The Hollow Crown: Henry IV, Part II

The hardest part of staging the two parts of Henry IV has to be how damn busy the play is despite only indulging in one real battle scene. Henry V has all of the action-based catharsis (especially on film), but Richard II and Henry IV mostly contain a lot of buildup to a cunning fizzle, ending in overpowering betrayal or in the one-on-one duel between Hal and Hotspur. But there’s still a ton of winding threads within the plot. From tying off loose ends with Hotspur’s father Northumberland and his now widowed daughter-in-law to the fate of Mistress Quickly’s tavern, subplots run amok from battlefield negotiations to an aside in the country with an old acquaintance.

Which is probably why once again director Richard Eyre cuts liberally from the play. What’s left is essentially the tragic fall of Sir John Falstaff with short arcs of the other threads abbreviated throughout. By the end, Henry’s son and Hal’s brother John of Lancaster has tricked all the remaining rebels into a false peace and packed them off for execution; Hal is crowned Henry V; and the superstitiously tainted circumstances under which Henry IV ascended to the throne have a brief respite with a legendary figure wearing the crown.

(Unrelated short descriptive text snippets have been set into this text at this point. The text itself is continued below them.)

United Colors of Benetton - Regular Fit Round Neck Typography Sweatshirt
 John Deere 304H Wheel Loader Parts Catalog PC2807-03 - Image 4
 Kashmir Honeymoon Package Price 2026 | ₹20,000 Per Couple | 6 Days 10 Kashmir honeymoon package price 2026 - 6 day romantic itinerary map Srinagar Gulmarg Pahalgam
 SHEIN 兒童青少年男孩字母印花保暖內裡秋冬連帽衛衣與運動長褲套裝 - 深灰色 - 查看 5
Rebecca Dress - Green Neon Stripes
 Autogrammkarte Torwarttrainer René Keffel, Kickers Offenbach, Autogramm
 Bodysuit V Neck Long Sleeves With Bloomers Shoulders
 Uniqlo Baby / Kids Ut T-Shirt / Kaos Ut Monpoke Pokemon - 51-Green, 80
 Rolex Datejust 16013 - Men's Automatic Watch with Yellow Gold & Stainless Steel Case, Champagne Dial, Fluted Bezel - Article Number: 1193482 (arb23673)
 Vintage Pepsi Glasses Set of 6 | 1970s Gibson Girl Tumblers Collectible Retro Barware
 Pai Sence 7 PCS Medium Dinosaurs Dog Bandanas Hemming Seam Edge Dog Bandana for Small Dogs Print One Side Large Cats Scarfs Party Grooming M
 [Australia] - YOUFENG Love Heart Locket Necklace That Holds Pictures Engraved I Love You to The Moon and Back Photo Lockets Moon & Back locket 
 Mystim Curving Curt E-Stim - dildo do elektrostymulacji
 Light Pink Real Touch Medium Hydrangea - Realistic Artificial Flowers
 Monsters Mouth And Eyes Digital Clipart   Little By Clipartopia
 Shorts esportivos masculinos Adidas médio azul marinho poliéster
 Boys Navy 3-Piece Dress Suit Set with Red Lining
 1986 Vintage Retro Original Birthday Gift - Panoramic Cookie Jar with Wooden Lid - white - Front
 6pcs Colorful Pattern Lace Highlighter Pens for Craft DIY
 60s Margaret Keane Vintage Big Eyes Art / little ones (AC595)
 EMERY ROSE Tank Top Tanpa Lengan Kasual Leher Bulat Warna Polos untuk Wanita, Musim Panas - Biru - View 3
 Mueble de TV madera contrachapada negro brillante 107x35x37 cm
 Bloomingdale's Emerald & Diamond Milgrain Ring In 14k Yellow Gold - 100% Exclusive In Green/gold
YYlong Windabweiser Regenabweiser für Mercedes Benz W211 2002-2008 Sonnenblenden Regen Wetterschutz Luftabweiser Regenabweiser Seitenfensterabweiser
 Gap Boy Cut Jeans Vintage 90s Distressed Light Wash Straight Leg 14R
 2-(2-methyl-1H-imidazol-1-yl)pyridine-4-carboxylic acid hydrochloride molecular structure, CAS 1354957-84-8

I’m not sure exactly how the performance legacy of Henry IV ended up playing the king as a much older man, with Hotspur as an equal rival to Hal. In reality, Hotspur was significantly older than the king, and died in battle five years before Henry succumbed to his final fatal illness—when the Prince was in his mid-20s. But here in the play King Henry is a withering old man, progressively growing madder by the day, and alternately clutching his crown and cursing the prince’s continued merriment with friends of ill repute. Jeremy Irons gets an extended version of what Patrick Stewart goes through in the matter of one scene in Richard II, slowly descending into madness as his advisors (including Iain Glen in a somewhat thankless role) can only stand idly by and worry about what happens when the crows shifts to the son.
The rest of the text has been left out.